- **Description of the task**
Each entry below needs to be transcribed verbatim; the images should not appear.

-------

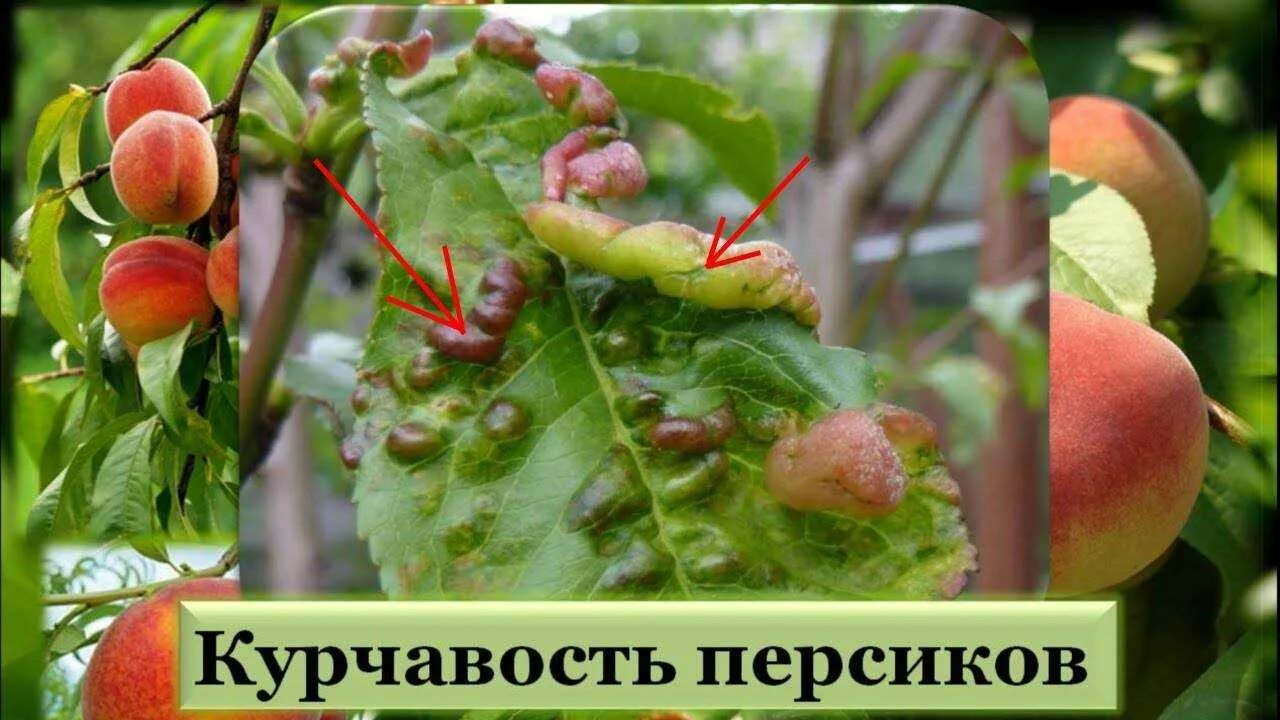 Чем брызгать персик. Курчавость листьев персика. от курчавости персика препараты. курчавость персика опрыскивание. средство от курчавости листьев персика.
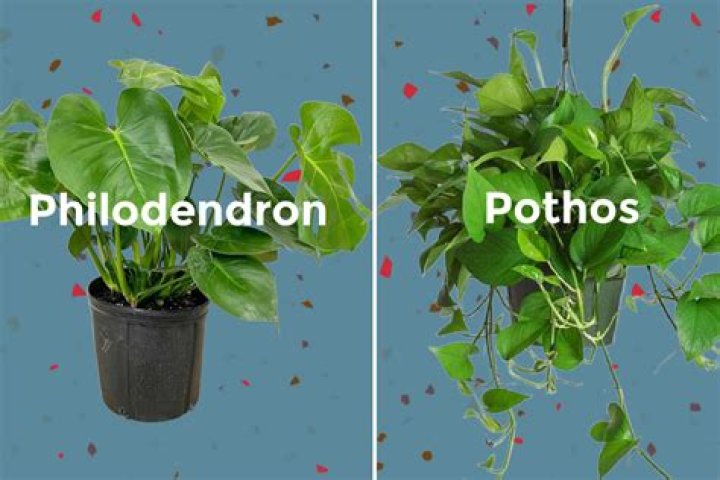 What is the difference between a pothos and philodendron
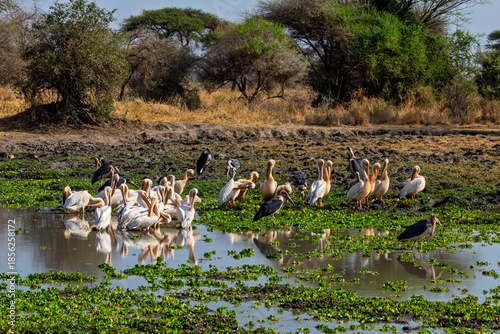 Tarangire National Park, Tanzania: Great White Pelicans and Marabou Storks at a Wetland Oasis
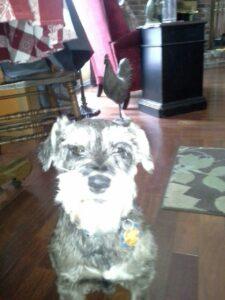 Happy Tails: Update Luckee (formerly Bryan Wolf) 1 20150127_094902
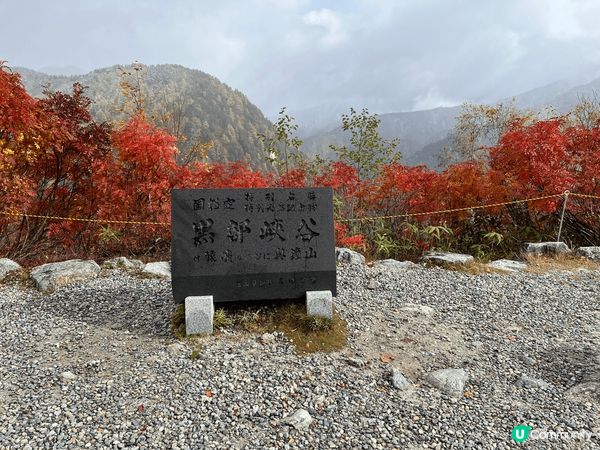 要介紹係秋天名古屋 除左去飛驒食飛驒牛之外 可以去埋立山黑部...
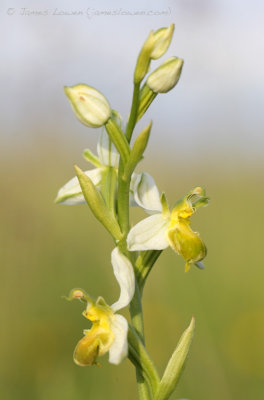 Bee Orchid var chlorantha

-------

- **Problem solution**
 Чем брызгать персик. Курчавость листьев персика. от курчавости персика препараты. курчавость персика опрыскивание. средство от курчавости листьев персика.
 What is the difference between a pothos and philodendron
 Tarangire National Park, Tanzania: Great White Pelicans and Marabou Storks at a Wetland Oasis
 Happy Tails: Update Luckee (formerly Bryan Wolf) 1 20150127_094902
 要介紹係秋天名古屋 除左去飛驒食飛驒牛之外 可以去埋立山黑部...
 Bee Orchid var chlorantha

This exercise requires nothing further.